Ses cheveux sombres tombent en rideau désordonné sur ses épaules. Elle ne prend même plus la peine de repousser la mèche collée à sa pommette, pas plus que de se soucier de ses doigts couverts d’acryliques secs. Elle se fond dans la toile, absorbée, presque effacée.

Elle me rappelle Liv, sa mère. La même passion dévorante qui l’habite lorsqu’elle dépose les couleurs sur le lin tendu. Malgré les cernes creusant ses yeux gris, je sais que Dahlia ne posera son pinceau qu’une fois ce tableau achevé.

Plus rien n’existe autour d’elle, pas même moi. Ça fait des heures que je la vois s’acharner sur son œuvre. La nuit est bien avancée, je sens la fatigue m’envahir, tandis qu’elle semble... immunisée.

Je sursaute lorsqu’elle recule, palette coincée entre le pouce et l’index de la main droite, pinceau dans l’autre. Elle soupire, satisfaite.

Devant elle : une toile, un bleu profond, abyssal. Des volutes de gris plombé et de noir charbon s’y entremêlent, striées de vert-de-gris . Aucune lumière. Aucune chaleur.

Je frissonne.

— Tu nous couves une petite dépression, Dahlia ?

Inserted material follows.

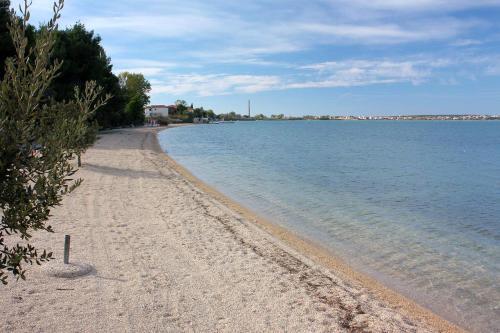 Apartment Vrsi - Mulo 5765a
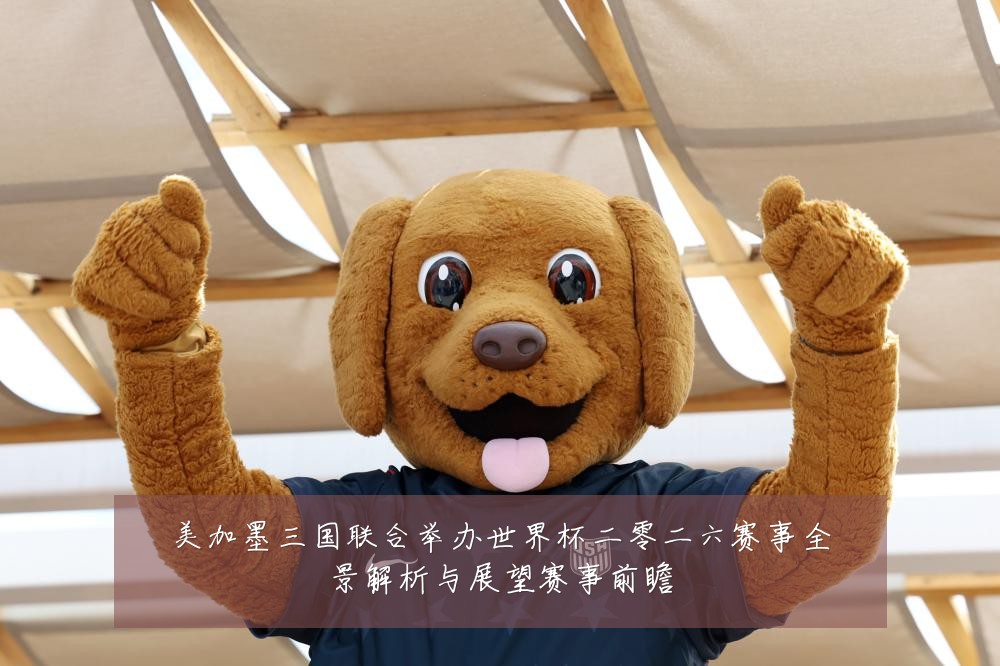 美加墨三国联合举办世界杯二零二六赛事全景解析与展望赛事前瞻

Elle sursaute à son tour. Son pinceau tombe, je souris.

— Et oui, je suis toujours là, très chère.

— Tu aurais pu partir, Dimitri.

Son regard ne quitte pas la toile encore humide, comme si elle craignait qu’elle ne se dissolve si elle détournait les yeux.

— J’aurais pu, c’est vrai. Mais comment me priver de nos interminables conversations quand tu peins ? dis-je, un brin moqueur.

Son rire fuse, léger, presque enfantin. Il traverse un instant ce bureau devenu atelier et me ramène à notre enfance. Dahlia et moi avons toujours été inséparables, depuis aussi loin que je me souvienne.

Sa mère, Liv Everstein, s’enfermait des jours entiers dans son atelier pour peindre. Alors, nous étions souvent livrés à nous-mêmes. Je lui racontais des histoires, je la faisais rire, pour qu’elle ne se sente pas trop seule.

Pourtant, quand je regarde sa dernière peinture…

— Tu es prête pour demain…

Je m’interromps, le regard attiré par l’horloge suspendue au mur.

— Pour tout à l’heure, plutôt ?

Elle soupire, ses épaules se tassent sous un poids invisible.

— Dahlia, tu es sûre que…

— Ça va aller, Dimitri.

Elle se tourne vers moi sans vraiment me voir, mais m’adresse un demi-sourire.

Mes yeux passent d’elle à la toile, puis de la toile à elle. Le gris de ses iris se fond dans les pigments qu’elle a choisis. La même teinte, le même vert-de-gris éteint.

Chacune de ses œuvres semble capturer un fragment de Dahlia, comme si, à chaque coup de pinceau, elle s’arrachait un morceau d’elle-même.

C’est à la fois douloureux et fascinant de la voir peindre.